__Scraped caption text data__
◆ ◆ ◆ ◆ ◆ ◆ ◆
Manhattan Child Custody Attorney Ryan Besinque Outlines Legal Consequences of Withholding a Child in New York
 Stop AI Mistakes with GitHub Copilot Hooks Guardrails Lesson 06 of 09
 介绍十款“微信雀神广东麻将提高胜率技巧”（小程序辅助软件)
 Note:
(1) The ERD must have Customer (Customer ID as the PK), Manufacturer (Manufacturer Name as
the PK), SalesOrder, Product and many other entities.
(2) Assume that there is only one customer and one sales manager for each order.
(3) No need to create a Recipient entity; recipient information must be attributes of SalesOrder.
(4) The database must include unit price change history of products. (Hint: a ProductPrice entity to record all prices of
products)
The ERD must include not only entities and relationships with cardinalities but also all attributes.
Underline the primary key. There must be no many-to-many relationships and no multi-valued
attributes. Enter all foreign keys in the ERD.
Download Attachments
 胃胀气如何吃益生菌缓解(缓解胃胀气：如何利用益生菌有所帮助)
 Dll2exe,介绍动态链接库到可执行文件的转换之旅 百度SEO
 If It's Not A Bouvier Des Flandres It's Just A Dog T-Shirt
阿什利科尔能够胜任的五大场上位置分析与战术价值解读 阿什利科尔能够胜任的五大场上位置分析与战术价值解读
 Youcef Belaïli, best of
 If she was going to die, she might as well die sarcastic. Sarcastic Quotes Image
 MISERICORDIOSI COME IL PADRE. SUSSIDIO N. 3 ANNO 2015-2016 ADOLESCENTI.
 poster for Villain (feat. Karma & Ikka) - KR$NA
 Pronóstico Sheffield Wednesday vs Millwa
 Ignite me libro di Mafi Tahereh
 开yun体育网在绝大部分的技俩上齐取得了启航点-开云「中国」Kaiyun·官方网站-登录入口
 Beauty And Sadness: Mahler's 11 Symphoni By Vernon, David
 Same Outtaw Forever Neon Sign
◆ ◆ ◆ ◆ ◆ ◆ ◆
__Problem requirements__
All that should be written out is the stretch of lines above between the one holding "(4) The database" and the one holding "阿什利科尔能够胜任的五大场上位置分析与战术价值解读 阿什", inclusive, exactly as given.

__Solution to the problem__
(4) The database must include unit price change history of products. (Hint: a ProductPrice entity to record all prices of
products)
The ERD must include not only entities and relationships with cardinalities but also all attributes.
Underline the primary key. There must be no many-to-many relationships and no multi-valued
attributes. Enter all foreign keys in the ERD.
Download Attachments
 胃胀气如何吃益生菌缓解(缓解胃胀气：如何利用益生菌有所帮助)
 Dll2exe,介绍动态链接库到可执行文件的转换之旅 百度SEO
 If It's Not A Bouvier Des Flandres It's Just A Dog T-Shirt
阿什利科尔能够胜任的五大场上位置分析与战术价值解读 阿什利科尔能够胜任的五大场上位置分析与战术价值解读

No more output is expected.